While the construction of tax informatization continues to flourish, the risks of network and information security are gradually revealed. First, with the development of taxation and the requirements of business systems, tax authorities at all levels have gradually realized networking and information exchange with relevant external departments. In addition, in order to facilitate taxpayers to pay taxes, the Xinjiang local tax system has opened Internet declaration, online inquiry and other services. The local tax system network has transformed from a completely closed intranet in the past to a network that is logically isolated from the external network and the Internet. Second, most of the key equipment in networks and information systems, such as hosts, routers, switches, and operating systems, use foreign products, which poses major technical and security risks. Third, the level of computer application operators in the system is uneven. In addition, due to insufficient funds, safety protection equipment and technical means are not satisfactory.

Fourth, hostile forces and profit-driven criminals have been ready to move, posing a huge threat to the country's important fiscal and financial sectors. The above aspects constitute the main risks of tax system network and information security.
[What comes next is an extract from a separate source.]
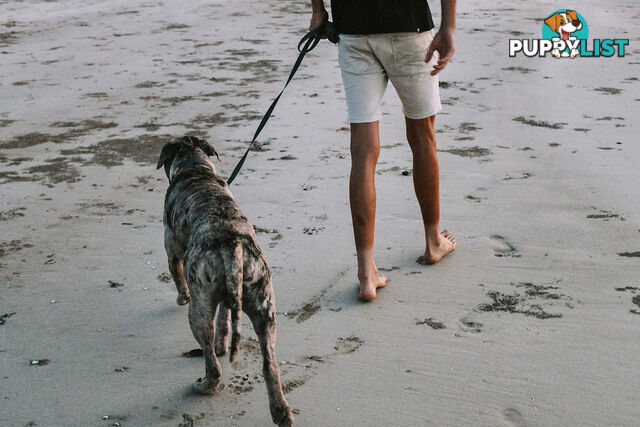 Designer Dog Leads by Explore with Paws - EWPLDCRO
2. Established and improved network and information security organizations

In order to ensure that network and information security work is taken seriously and measures can be implemented in a timely manner, the Yili Prefecture Local Taxation Bureau established a network and information security organization Leading Group:

Team leader: Chief Economist Cheng Aimin

Members: Che Yanxia, ??Wang Shoufeng, Wang Hongxing, Liu Zhonghui, Wang Zhong, Ouyang Can, Wang Hua, Chu Tianyu

The leading group has an office, which is specifically responsible for daily work. The director is Che Yanxia, ??the director of the information department, and the deputy director is Wang Shoufeng, deputy director of the office. The members are: Wang Hongxing, Liu Zhonghui, Wang Zhong, and Wang Hua.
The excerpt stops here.